Reports until 13:32, Friday 24 June 2016
H1 SEI (DetChar, FMP, INS, ISC, PEM)
jeffrey.kissel@LIGO.ORG - posted 13:32, Friday 24 June 2016 (27949)
Pictures and Movie of X-End Topography and Wind Fence
J. Kissel for the Wind Team

I took the opportunity to grab some pictures of the X-End building exterior and brand new wind fence pathfinder. Winds were roughly 25 mph, so I also grabbed a video. It's too big for the aLOG, so I've posted it to youtube.

Notes on the fence:
- There we no tumbleweeds gathered around the fence
- The material seems to be holding up well (not stressed/stretched too much where it's attached to the fence), and 
- pressing on the back of the material opposite the wind direction it feels like a fully extended sail, but not near any yield point.
- The tops of the posts are rattle a little bit.

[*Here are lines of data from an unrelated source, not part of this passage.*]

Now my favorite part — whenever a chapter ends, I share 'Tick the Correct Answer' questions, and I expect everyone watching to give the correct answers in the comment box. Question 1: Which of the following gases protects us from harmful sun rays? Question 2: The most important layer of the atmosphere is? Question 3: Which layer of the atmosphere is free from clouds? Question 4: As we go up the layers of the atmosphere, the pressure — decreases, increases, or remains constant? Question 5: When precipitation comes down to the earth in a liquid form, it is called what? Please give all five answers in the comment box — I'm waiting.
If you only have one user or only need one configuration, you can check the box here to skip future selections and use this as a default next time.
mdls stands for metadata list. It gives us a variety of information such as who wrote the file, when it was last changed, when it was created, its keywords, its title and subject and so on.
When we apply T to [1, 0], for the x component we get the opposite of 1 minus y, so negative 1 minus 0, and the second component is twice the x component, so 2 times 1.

The final, as built, design of the fence:
- 3 posts, 24 ft as-purchased; 20 ft is above ground and 4 ft are in concrete in the ground.
- Posts cover 30ft left-to-right, spaced 15 ft apart.
- 6 ft gap between ground and fence material, and material spans the posts left-to-right and is 6 ft tall (so there's room to extend the material upward).
- The material is 30% coverage, or 70% porous. 

Also, 
SEI aLOG 1024 shows the first bit of wind modeling that's being done at Stanford by a summer undergrad Ian Gomez. If you're really cool, you can check out more preliminary results (at this point, just pretty pictures) in the Stanford Engineering Test Facility's eLogBook: ETF eLOG 2593.

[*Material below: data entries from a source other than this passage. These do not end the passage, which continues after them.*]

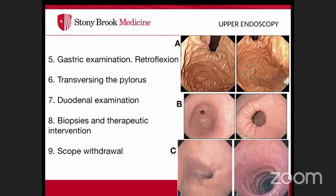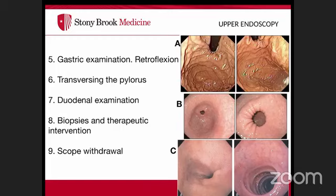To intubate the second portion of the duodenum — arguably the second hardest part — advance through the loop, pull back the large wheel, push the small wheel all the way forward, and rotate the scope to the right while angling slightly downward. As one mentor described it, 'like dancing with the scope.' This maneuver guides the tip into the duodenal lumen.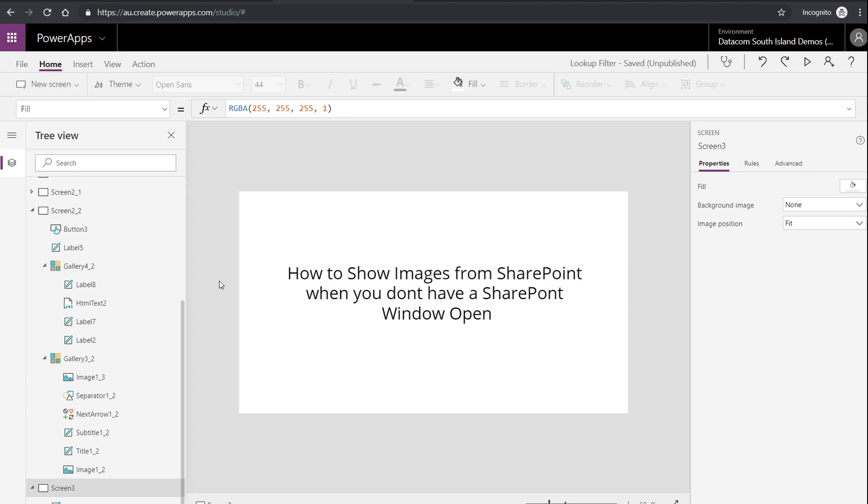Hi folks, Rich Burtis from Datacom New Zealand here. A quick guide of how to get to SharePoint images from your Power Apps when you don't have a SharePoint window open.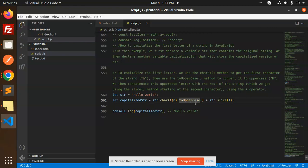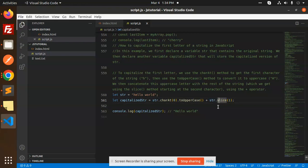After that, we concatenate the rest of the string which we get using the slice method. With the help of the slice method, we're going to get the rest of the string.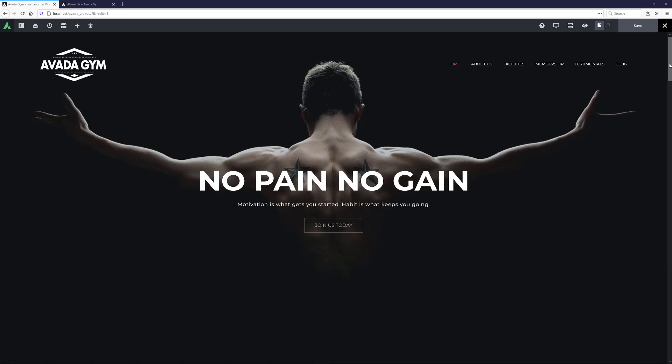For more information on the Avada Builder Library, be sure to watch the Avada Builder Library video linked in the description below. OK, so let's look at an example.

My thoughts, after seeing these initial results -- which (rightfully so) start off with a flat bit of ground and a simple box for a building -- that those simple models will get us pretty far for the Y-end where the topography is pretty darn flat. However, the topography is more interesting at the X-end, and my hope would be that by the end of the summer, Ian's models might get just sophisticated enough to predict wind flow around the X-end building. 

You'll recall from the single-PEM-anemometer comparison between X-end and Y-end during wind storms (see LHO aLOG 17574), that Y-end moves about a factor of 2 more than X-end. The topography may have a good bit to do with it.